11.1.4. Женские губы
   “Полные вишневые губы” (“Зойка и Валерия”); “любовно-грустно потянулась к нему лицом, полными, с сладким помадным вкусом губами”, “полные в красной помаде губы” (“В Париже”); “Гелиотропные, но женски молодые губы с темным пушком над ними слегка приоткрылись” (“Начало”); “Губы ее, двигавшиеся над зубами, были сизы, синеватый пушок на верхней губе сгущался над углами рта” (“Камарг”); “пленительный бархатисто-пунцовыми губами рот отточен был темным пушком” (“Чистый понедельник”); “губы лиловые, крупные” (“Весной, в Иудее”).
11.1.5. Женские глаза
   “смотрела в упор, глаза цвета желудя” (“Муза”); “грозные глаза цвета черной крови” (“Зойка и Валерия”); “блеск черного глаза” (“В Париже”); “глаза у нее почернели и еще больше расширились” (Таля Ганская”); “страшные в своем великолепии черные глаза” (“Генрих”), «прелестная головка, так называемые “золотые” волосы и черные глаза. И даже не глаза, а черные солнца, выражаясь по-персидски», “блестящая чернота глаз” (“Натали”); “кастильские очи” (“Дубки”); “Глаза, долгие, золотисто-карие, полуприкрытые смугло-коричневыми веками” (“Камарг”).
   Кроме этих черных – глаз, в рассказах встречаются: “коричневые глаза”, “большие серые глаза”, “зеленые глаза” (“Генрих”), “сияли сине-лиловые усмехающиеся глаза”…

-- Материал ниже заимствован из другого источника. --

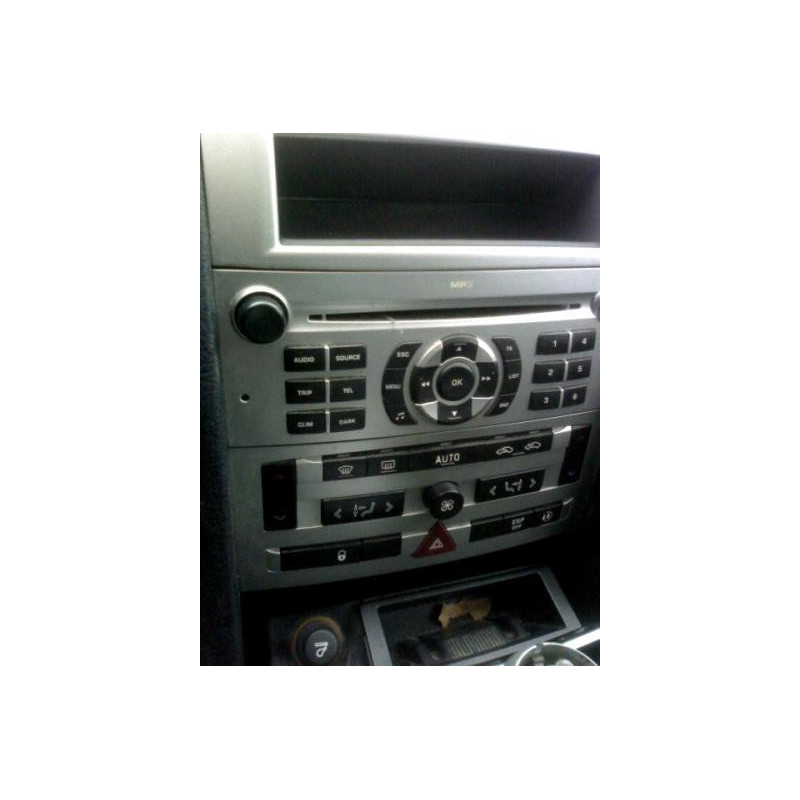 Porte arriere droit PEUGEOT 407 Photo n°5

   Не случайно в рассказах преобладает восточный тип мужской и женской красоты. Не случайна такая повторяющаяся деталь женской фактуры, как “щиколки” и частое указание на “породистость”.
   Приведу еще два примера описаний внешности женщин, казалось бы, различных и по характеру и по положению в обществе (Руси, изображенной на фоне природы, усадьбы, и героини “Чистого понедельника”, горожанки, женщины утонченной, загадочной для рассказчика-мужчины), приведу с целью подчеркнуть опять же однотипность “портретов”.
   “Да она и сама была живописна, даже иконописна. Длинная черная коса на спине, смуглое лицо с маленькими темными родинками, узкий правильный нос, черные глаза, черные брови… Волосы сухие и жесткие, слегка курчавились. Все это, при желтом сарафане и белых кисейных рукавах сорочки, выделялось очень красиво. Лодыжки и начало ступни в чуньках – все сухое, с выступающими под тонкой смуглой кожей костями”
(“Руся”) (5: 284).
   “А у нее красота была какая-то индийская, персидская: смугло-янтарное лицо, великолепные и несколько зловещие в своей густоте черные волосы, мягко блестящие, как черный соболиный мех, брови, черные, как бархатный уголь, глаза; пленительный бархатисто-пунцовыми губами рот отточен был темным пушком…”
(5: 461);
   “…На висках полуколечками загибались к глазам черные лоснящиеся косички, придавая ей вид восточной красавицы с лубочной картинки”
(“Чистый понедельник”) (5: 468).
   Поэме женского тела в “Темных аллеях” могла бы соответствовать и “поэма” семантико-стилистического исследования всех именований женской фактуры, что, однако, данную работу расширило бы до непредсказуемых размеров. Поэтому я ограничиваюсь только указанием, цитированием, надеясь, что сам материал подтверждает основные выводы.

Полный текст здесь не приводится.